Resistência está no DNA de sua arte

Movimentar as ruas como as intervenções de Bruscky faziam era um desafio direto ao silêncio repressivo da ditadura militar. O resultado: foi preso três vezes, torturado física e psicologicamente e perseguido.

A primeira prisão foi em 1966, depois de fazer uma exposição no prostíbulo Chanteclair, no Bairro do Recife. A última e mais dramática foi em 1974. Ele relembra: “No Exército, um japonês me sentou na cadeira pra fazer a ficha e deu um murro tão forte que eu virei com cadeira e tudo. Mas eu nunca tenho medo. Quando vinham me interrogar, eu dizia: ‘Você conhece teoria de arte pra poder me interrogar? Você me chama de comunista, qual o seu conceito de comunismo? O que é ser comunista pra você?’ Eu invertia o interrogatório o tempo todo”.

Paulo Bruscky continua: “Quando me soltaram, disseram que iam me ‘acidentar’. Eles falaram: ‘Temos gente especializada em acidente. Te mata e faz parecer como um acidente’. Passei dois meses com dois caras me seguindo no trabalho, na universidade. Eu passava e eles tavam de frente o dia todo, me cumprimentavam com a cabeça”, lembra.

A resposta veio seis meses depois com a exposição Nadaísmo (também um manifesto, em parceria com Daniel Santiago) na Galeria Nega Fulô, nas Graças. “As paredes não tinham nada, eram todas brancas. Só tinha um banquinho. Eu subi e fiz um discurso denunciando que se eu fosse morto num acidente, não era um acidente, era o Exército que tava me matando. E, inclusive, os dois canalhas tão aqui dentro e eu não vou mostrar quem são porque não sou dedo duro que nem vocês. E diga lá ao comandante do Exército que eu vou continuar fazendo meu trabalho. Um dia vou ter que morrer, então eu morro pelo meu trabalho”.

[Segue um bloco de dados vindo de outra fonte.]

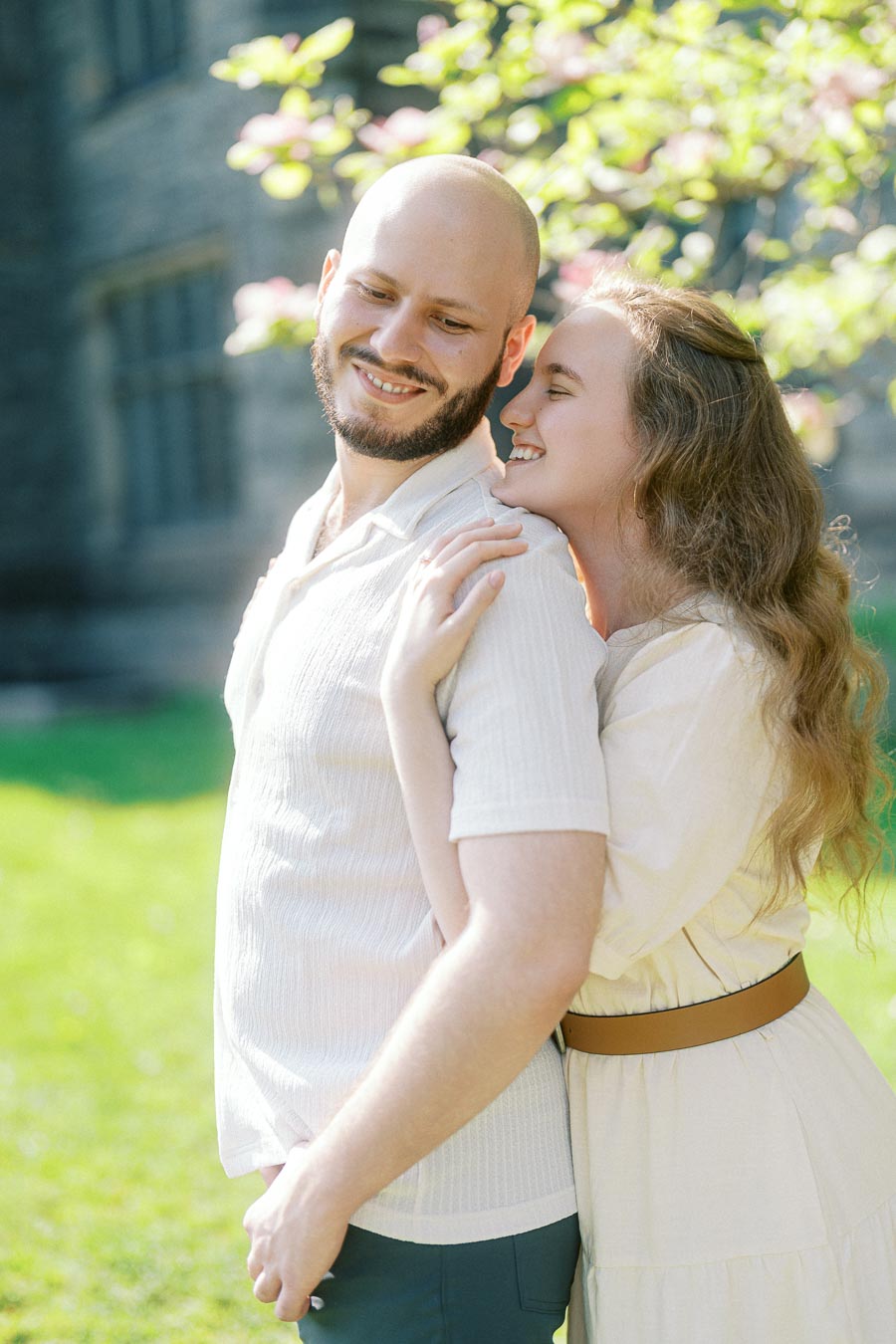 Couple smiling and embracing outdoors in spring sunlight with blooming trees at the University of Toronto campus.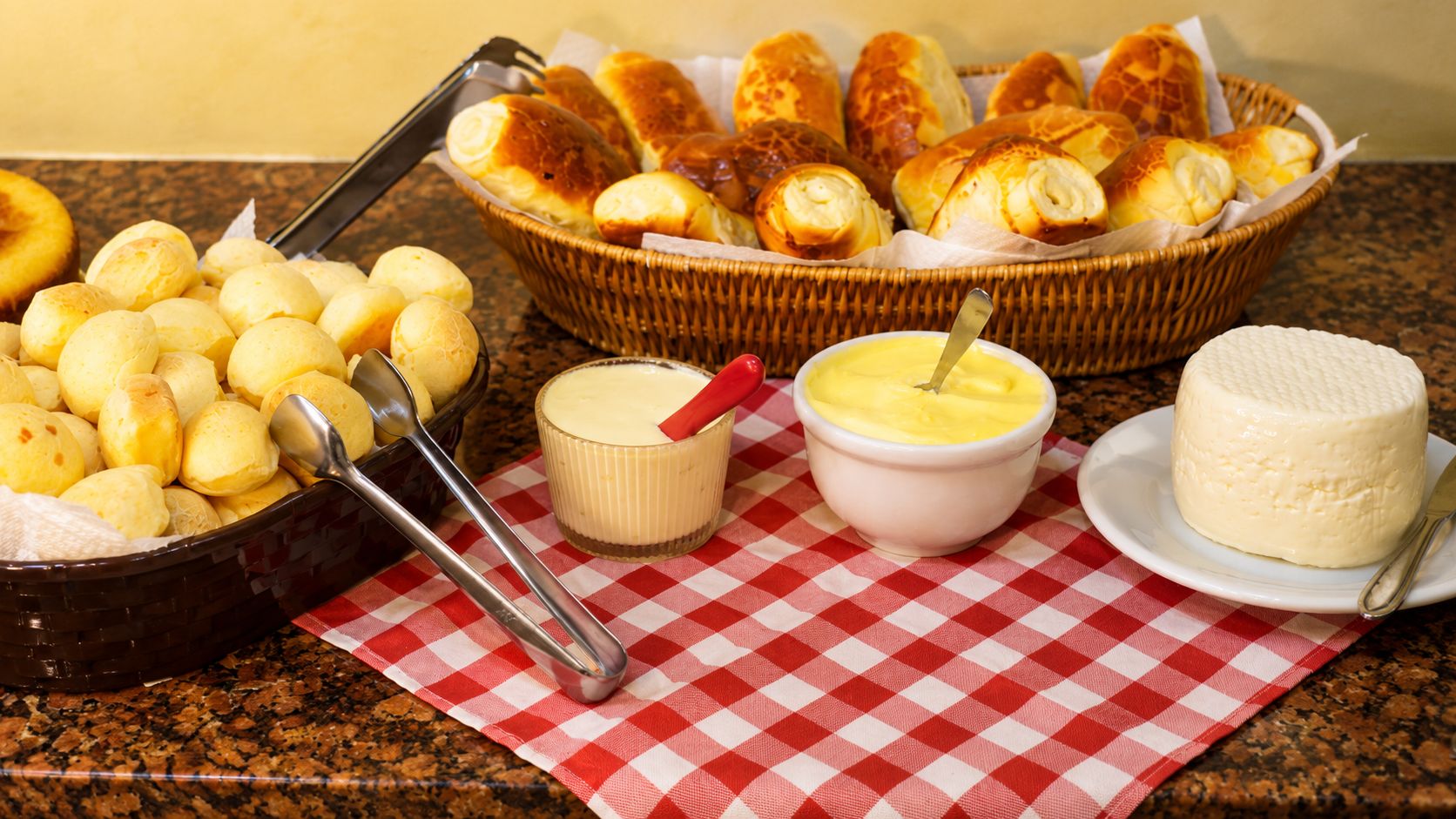 Una mesa de bufé con diversos alimentos, incluyendo pan, queso y un bol de salsa.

Sobre estar nos museus e grandes galerias depois de décadas atuando na contracultura como artista marginal, Paulo faz um brincadeira sucinta que vale como um ensaio teórico: “Ninguém se livra de entrar em museu. Se o cara perguntar ao outro: ‘você quer entrar na história da arte’, e ele disser não, já entrou. É que nem aquela história: ‘você quer entrar no Clube do Porto?’ O cara responde: ‘quero’. ‘Então não pode, se disse não já era sócio’”.